**Requirement**
Take from the listing each line that has the string "Dress".

**Data block**

<<<<

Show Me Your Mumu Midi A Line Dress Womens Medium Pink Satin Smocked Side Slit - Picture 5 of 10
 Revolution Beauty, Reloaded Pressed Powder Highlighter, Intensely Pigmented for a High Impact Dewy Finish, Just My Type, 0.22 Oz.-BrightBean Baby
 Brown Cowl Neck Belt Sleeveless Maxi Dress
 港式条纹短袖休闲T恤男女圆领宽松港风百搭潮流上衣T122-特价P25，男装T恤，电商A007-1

>>>>

**Finished exercise**
Show Me Your Mumu Midi A Line Dress Womens Medium Pink Satin Smocked Side Slit - Picture 5 of 10
 Brown Cowl Neck Belt Sleeveless Maxi Dress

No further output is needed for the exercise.